SUSIE BOWER lives in Bristol and has been a teacher, a tour guide, a typist, a workshop facilitator, a PA and a painter. She formerly wrote and directed TV programmes for children at the BBC and Channel 4, for which she won a BAFTA Award. In 2018 Susie was longlisted for the Bath Children’s Novel Award with her manuscript School for Nobodies set in a boarding school for misfits and about the beauty of not fitting in. With School for Nobodies out in July with Pushkin Children’s Press, we catch up with Susie’s literary agent representation news and journey to publication.
School for Nobodies shone out from our submissions pile. Was the listing a boost?
A ‘boost’ barely describes it! I was at my brother’s having an early Christmas lunch, and had not dared, at midday, to check my phone for the longlist results. Eventually that afternoon, I did – and simply couldn’t believe the sight of School for Nobodies on the list. For the first time, I began to hope that perhaps, just perhaps, it had a spark of something that worked.

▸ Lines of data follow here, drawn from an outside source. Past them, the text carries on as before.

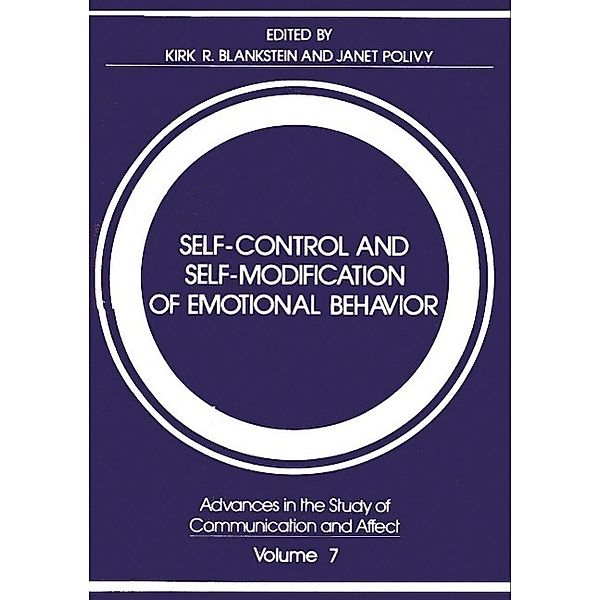 Self-Control and Self-Modification of Emotional Behavior / Advances in the Study of Communication and Affect Bd.7, Kirk R. Blankstein, Janet Polivy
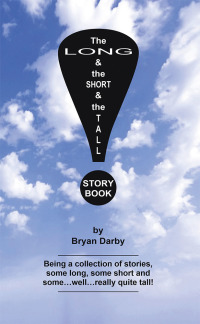 Cover image: The Long and the Short and the Tall Story Book 9781546291916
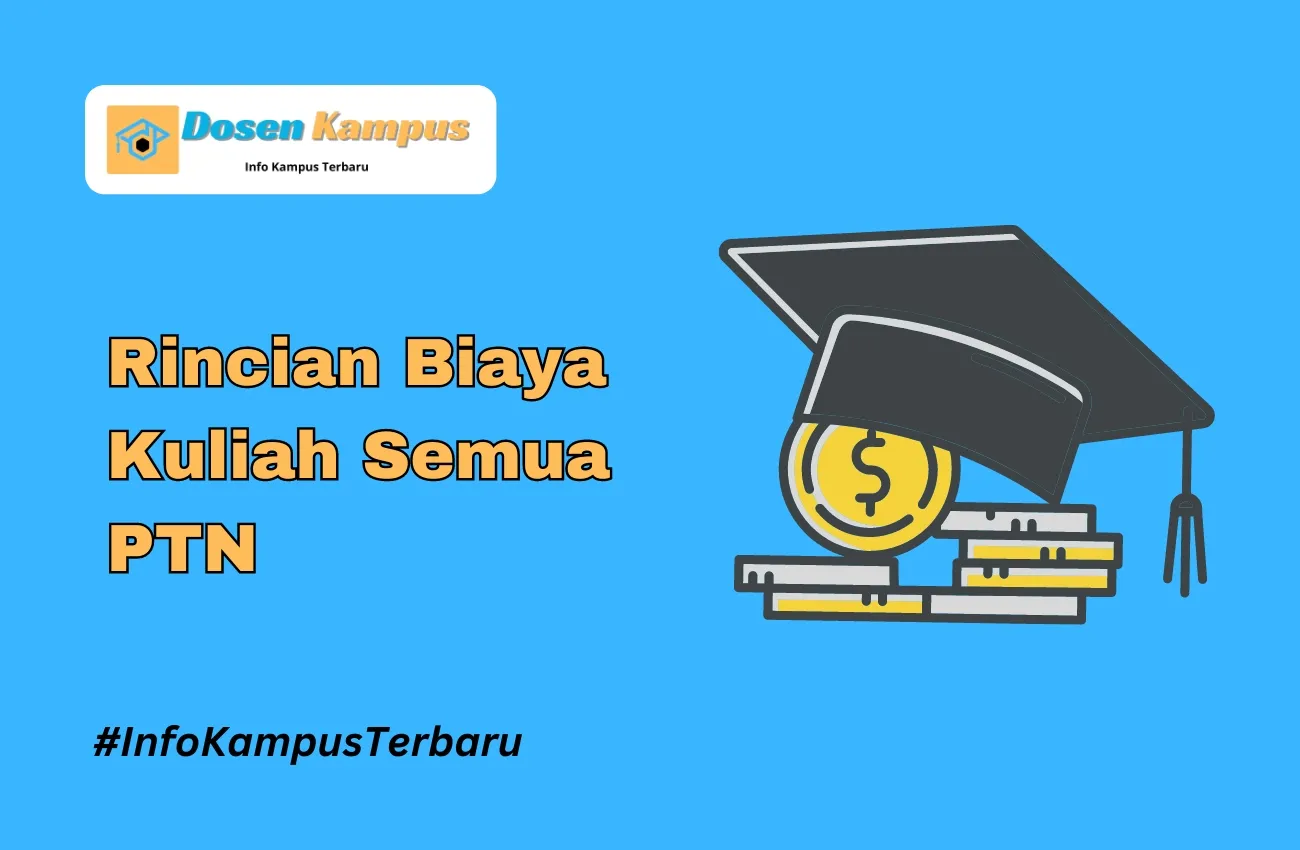 Rincian Biaya Kuliah Semua PTN Terbaru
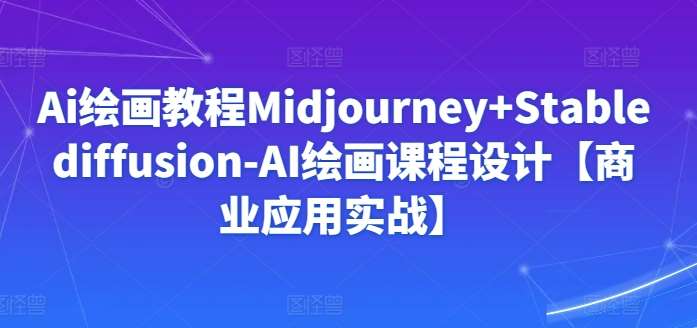 Ai绘画教程Midjourney+Stablediffusion-AI绘画课程设计【商业应用实战】-云商网创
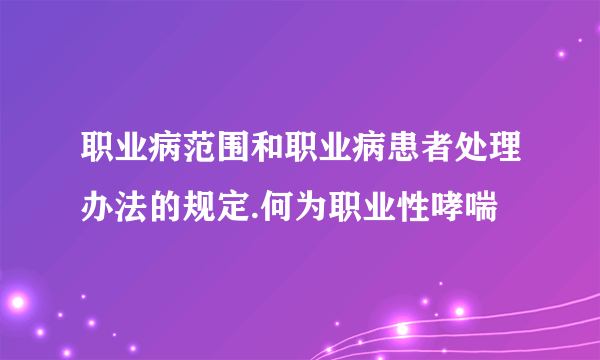 职业病范围和职业病患者处理办法的规定.何为职业性哮喘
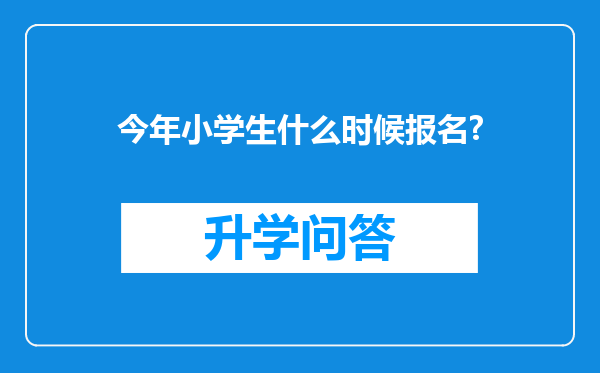 今年小学生什么时候报名?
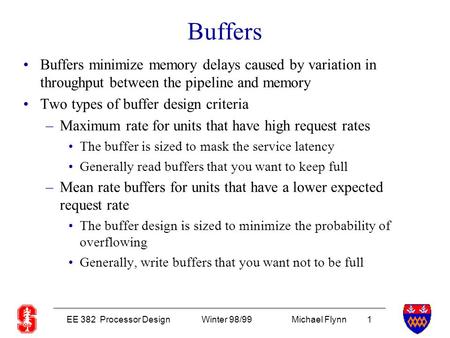 EE 382 Processor DesignWinter 98/99Michael Flynn 1 Buffers Buffers minimize memory delays caused by variation in throughput between the pipeline and memory.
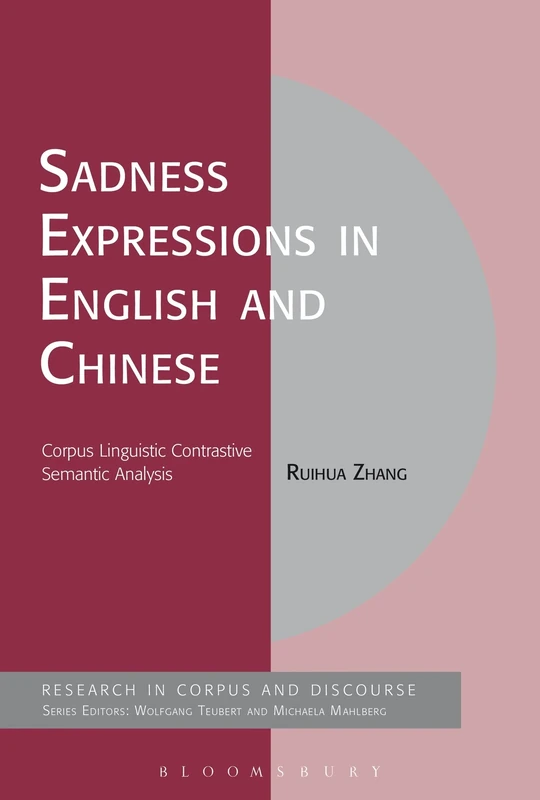 Sadness Expressions in English and Chinese: Corpus Linguistic Contrastive Semantic Analysis (Corpus and Discourse) - Image 1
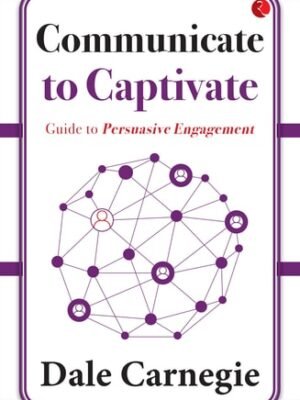 COMMUNICATE TO CAPTIVATE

Since longlisting you accepted literary agent representation with Silvia Molteni of Peters, Fraser and Dunlop. Can you share your “how I found my agent” story?
It’s a bit unusual. When I finished my final (hah!) draft, I made a list of favourite agents and Silvia was at the top. I’d loved the voice of Onjali Q Rauf’s The Boy at the Back of the Class and Silvia was her agent. But before I submitted to her, Louise Dean offered to introduce my work to several agents. Amazingly, Silvia was one of the them! She read School for Nobodies in a couple of days and asked to speak with me. What I particularly loved was that she offered to represent me even though there were revisions to be done. I really valued that she trusted my writing enough to sign me before I did the revisions. Later, two more agents asked for the full manuscript but by then I’d signed with Silvia. I’ve never regretted it. She’s such a passionate advocate for School for Nobodies, as well as giving great notes and excellent advice.

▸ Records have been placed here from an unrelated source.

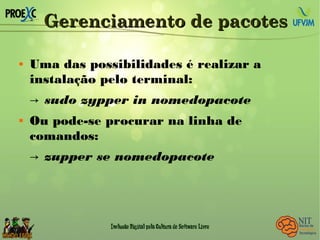 Gerenciamento de pacotesGerenciamento de pacotes
 Uma das possibilidades é realizar a
instalação pelo terminal:
→ sudo zypper in nomedopacote
 Ou pode-se procurar na linha de
comandos:
→ zupper se nomedopacote
 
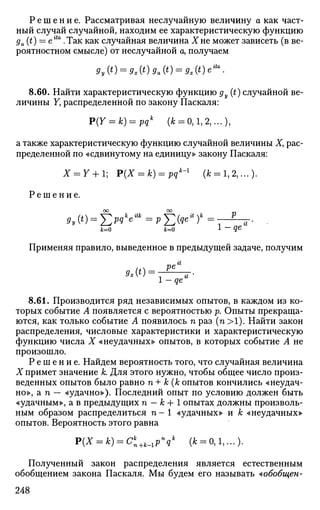 Р е ш е н и е . Рассматривая неслучайную величину а как част­
ный случай случайной, находим ее характеристическую функцию
ga{t) — etta
.Так как случайная величина Хне может зависеть (в ве­
роятностном смысле) от неслучайной а, получаем
9y(t) = 9At)9a(t) = 9x(t)eita
.
8.60. Найти характеристическую функцию ду (t) случайной ве­
личины F, распределенной по закону Паскаля:
P(Y = k) = pqk
(к = 0,1,2,...),
а также характеристическую функцию случайной величины X, рас­
пределенной по «сдвинутому на единицу» закону Паскаля:
Х = У + 1; P(X = k) = pqk
~l
(к = 1,2,...).
Р е ш е н и е .
00 ОО „
к=о к=о 1-qe
Применяя правило, выведенное в предыдущей задаче, получим
8.61. Производится ряд независимых опытов, в каждом из ко­
торых событие А появляется с вероятностью р. Опыты прекраща­
ются, как только событие А появилось га раз (п >1). Найти закон
распределения, числовые характеристики и характеристическую
функцию числа X «неудачных» опытов, в которых событие А не
произошло.
Р е ш е н и е . Найдем вероятность того, что случайная величина
X примет значение к. Для этого нужно, чтобы общее число произ­
веденных опытов было равно п+ к (копытов кончились «неудач­
но», a n — «удачно»). Последний опыт по условию должен быть
«удачным», а в предыдущих га - к + 1 опытах должны произволь­
ным образом распределиться га - 1 «удачных» и к «неудачных»
опытов. Вероятность этого равна
P(X = k) = Ck
n+k_lP»qk
(к = 0,1,...)-
Полученный закон распределения является естественным
обобщением закона Паскаля. Мы будем его называть ^обобщен-
248
 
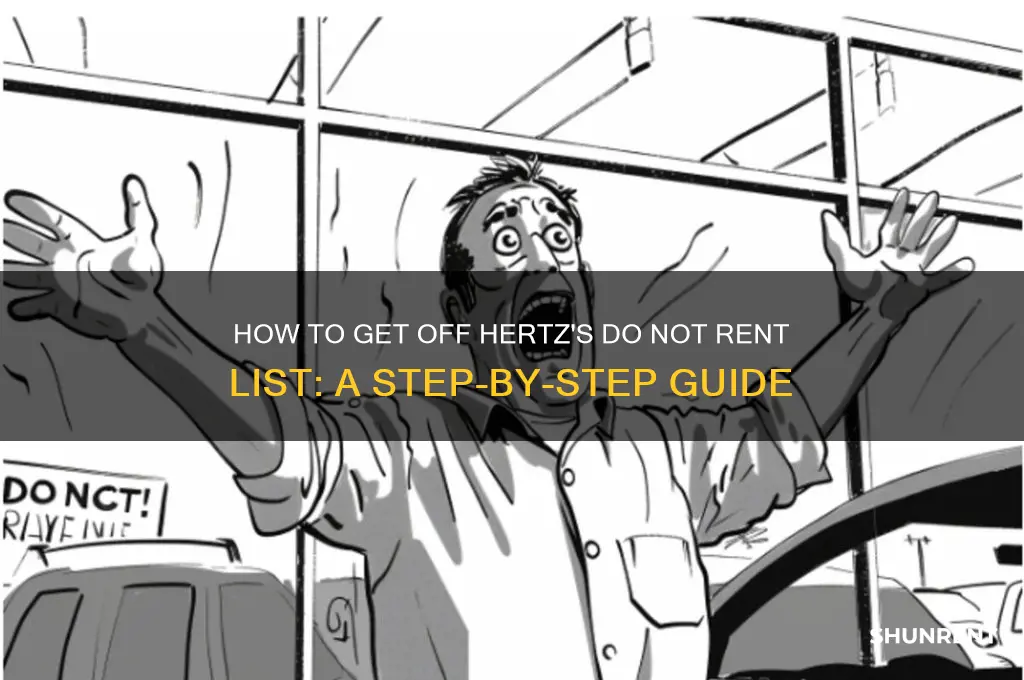 how to be removed from do not rent list hertz
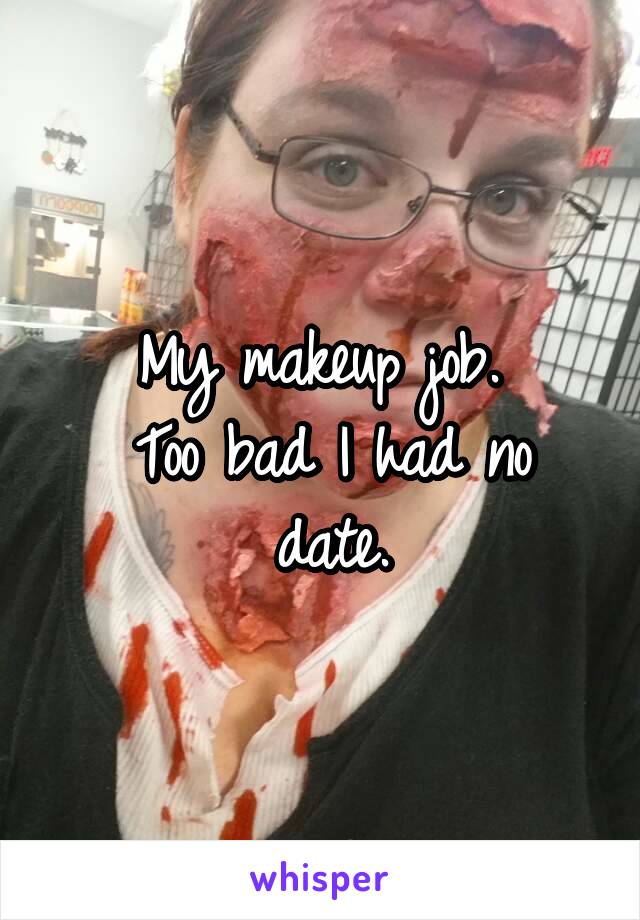 My makeup job. 
Too bad I had no date.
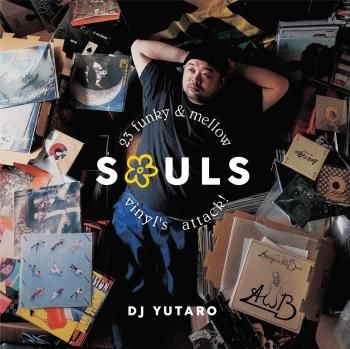 DJ YUTARO : SOULS (MIX-CD) - マザー・ムーン・ミュージック / mother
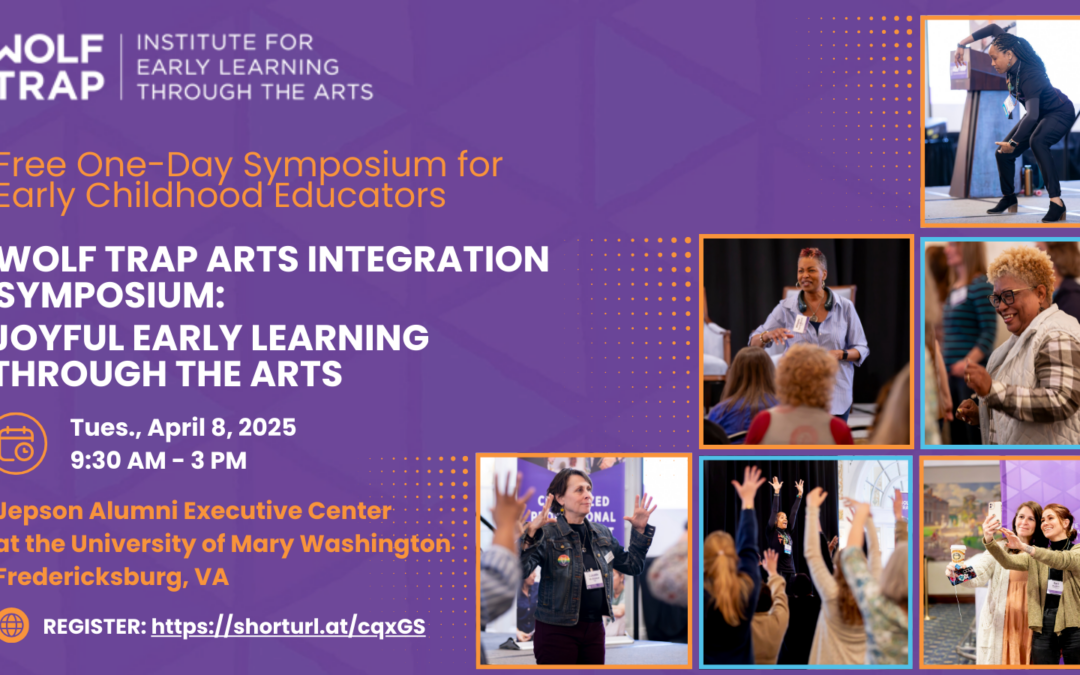 Wolf Trap Arts Integration Symposium: Joyful Early Learning Through the Arts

How has School for Nobodies evolved editorially since signing with Silvia?
A lot. I knew there were flaws, particularly plot holes, but I couldn’t work out how to solve them. After signing with Silvia, I embarked on revisions which really helped draw it together. Then, when she sold it to Pushkin Children’s, I was lucky enough to work with editor-at-large Sarah Odedina. She said the manuscript was in good shape, but really helped me to see what was needed to take it another level. It’s been so exciting to work with her.
Any tips for fellow authors who are querying?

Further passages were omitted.